Joe Birkenstock Discusses SEC Pay To Play In The IA Watch Weekly Briefing

Earlier this month Joe Birkenstock was quoted in the IA Watch Weekly Briefing, discussing SEC pay to play.

“Advisers should take away great skepticism from the SEC [in this case] that segregating your operations like this means that you’re exempt from registration,” says Joseph Birkenstock, a partner with Sandler Reiff Lamb in Washington, D.C. The agency expects virtually all firms (except for venture capital and single-family offices) above a certain asset threshold to register, he adds. The relatively modest penalty assessed to TL Ventures suggests the Commission took into account the firms’ defense – that they were exempt-reporting advisers and thus not subject to the pay-to-play rule, continues Birkenstock.

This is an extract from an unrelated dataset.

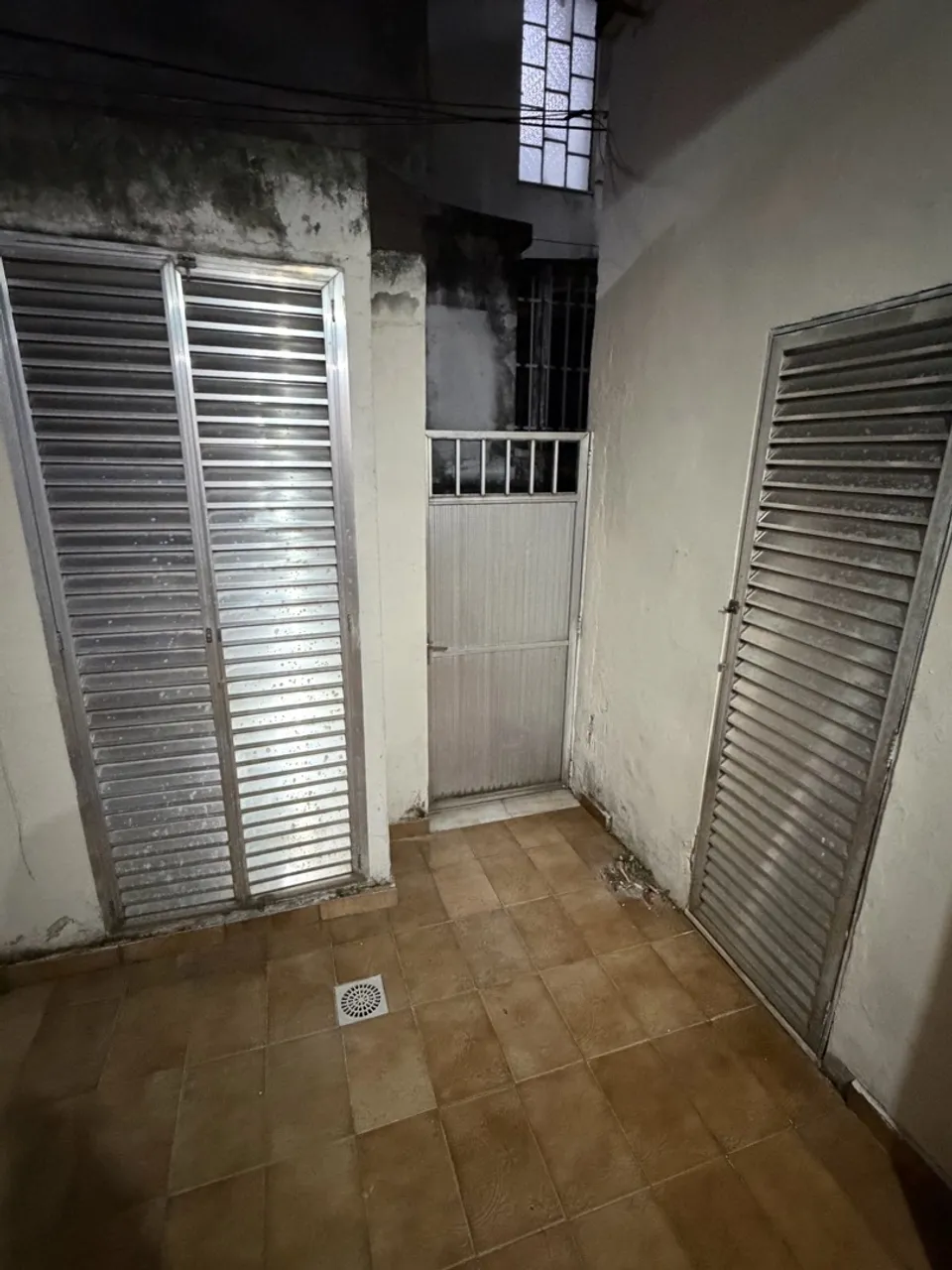 Furnished 2-bedroom house, 80 m² — photo 16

Most of his clients have adapted to the pay-to-play rule with the motto “just don’t give contributions,” he states. Others hold to a policy that, if there’s any doubt, don’t allow the political contribution. The enforcement case presented “zero doubt” of a violation because the mayor of Philadelphia and the state’s governor clearly have influence over their respective employee public pensions, Birkenstock says. Some lower-level candidates can be tougher to figure out, arguing for caution to avoid the rule’s painful two-year time-out.